What you actually can use is ssh agent plugin. That allows to add key to ssh-agent on slave that will be catched up by git.

How can i use Jenkins with Atlassian Stash?

I've just setup Jenkins and i have some Repositories in my Stash.
I installed the "Git plugin" in jenkins.
I can now enter the repository url but there is nothing to enter my credentials.
It's possible using
http://username:password#mydomain/xx/yy.git
but that is something i dont want to do.
What else can i do to authenticate?
I am the author of this stash plugin that might help you: https://github.com/palantir/stashbot
Taking selectively from the readme:
To work with Jenkins, you MUST install the following jenkins plugins first.
Jenkins GIT plugin
Post build task
Next, build and install the plugin using the plugin SDK (more details in the readme)
Next, the stash admin goes into the Stashbot Admin page and creates a jenkins server config - here you give it the URL, username/password, etc details of the jenkins server.
Next, for each repository a "Stashbot CI Admin" link shows up for repo admins. From there you can check the "enabled" checkbox and tell it what branches you want build (via a regex) and what command it should run to do the build (optionally verifies and publishes).
After this point, the remainder is completely self-service. Any repo admin can ask for their project to "have CI" by filling out that form, and the jobs will automatically be created in the jenkins server.
Hope that helps.
Set up an SSH key for the user that runs your Jenkins builds and add it to the repository's SSH keys in Stash.
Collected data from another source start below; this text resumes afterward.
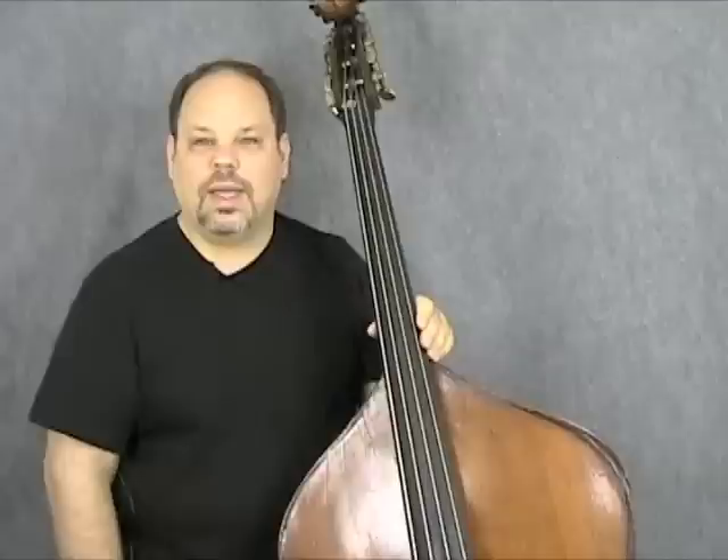I'm going to go out and play a couple of choruses for you. I hope this helps, and happy walking. See you guys later. Bye.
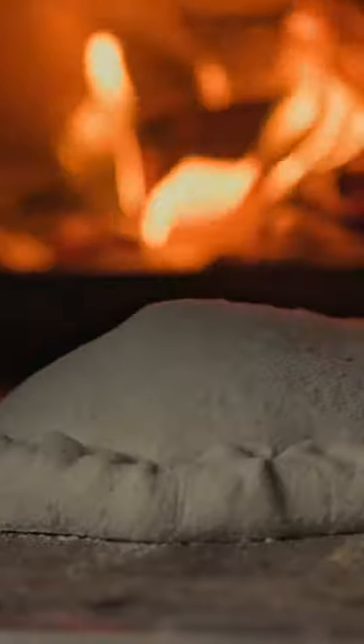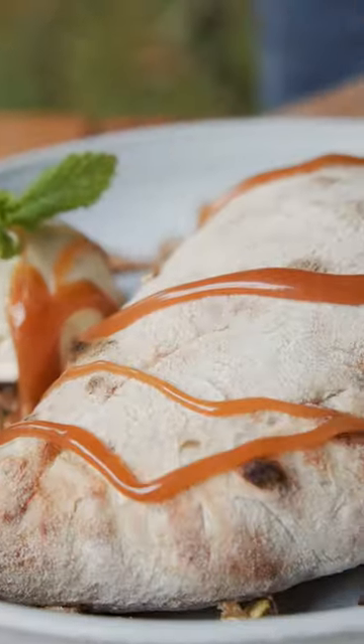The crumble is a British classic, so I've taken some apples and pears and made them into this incredible dessert calzone.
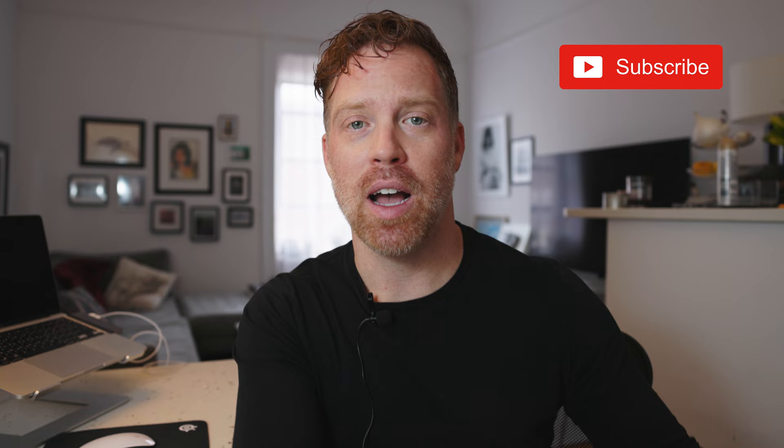So if you end up finding this video helpful, please give it a like and consider subscribing to the channel. I put out a new video every week, and with that, let's jump right in.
See the Stash docs for instructions.
Two things to add to Gareth's answer.
While I agree that using SSH keys are definitely better than hard-coding the username/password, it's worth mentioning that Stash (currently) scales better with HTTP when it comes to CI. If you have quite a few builds we generally recommend using HTTP. We are currently extending our Git cache support to support SSH so this no longer an issue.
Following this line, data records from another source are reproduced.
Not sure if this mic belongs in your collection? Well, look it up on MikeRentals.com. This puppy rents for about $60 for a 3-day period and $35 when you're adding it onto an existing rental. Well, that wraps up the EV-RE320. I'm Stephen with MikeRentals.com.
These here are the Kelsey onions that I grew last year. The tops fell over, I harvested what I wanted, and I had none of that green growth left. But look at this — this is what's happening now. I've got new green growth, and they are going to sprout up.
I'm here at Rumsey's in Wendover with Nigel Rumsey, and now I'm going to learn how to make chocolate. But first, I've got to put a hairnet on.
Somewhat related, you might be interested in watching and voting for the following feature which will make it easier to create CI specific keys.
Lastly having build icons show up in Stash is surprisingly handy, and you should have a look at the following plugin if you haven't already:
https://github.com/jenkinsci/stashNotifier-plugin
Since version 2.0 of "Git Plugin" for jenkins you should be able to directly add the required credentials for both ssh and username/password (based on credentials plugin).
See changelog of Git plugin: https://wiki.jenkins-ci.org/display/JENKINS/Git+Plugin#GitPlugin-Changelog for details.
For further integration of git and stash regarding pull requests you additionally need the "Stash Webhook for jenkins" add-on in stash and the "Stash Notifier" plugin for jenkins to connect each other.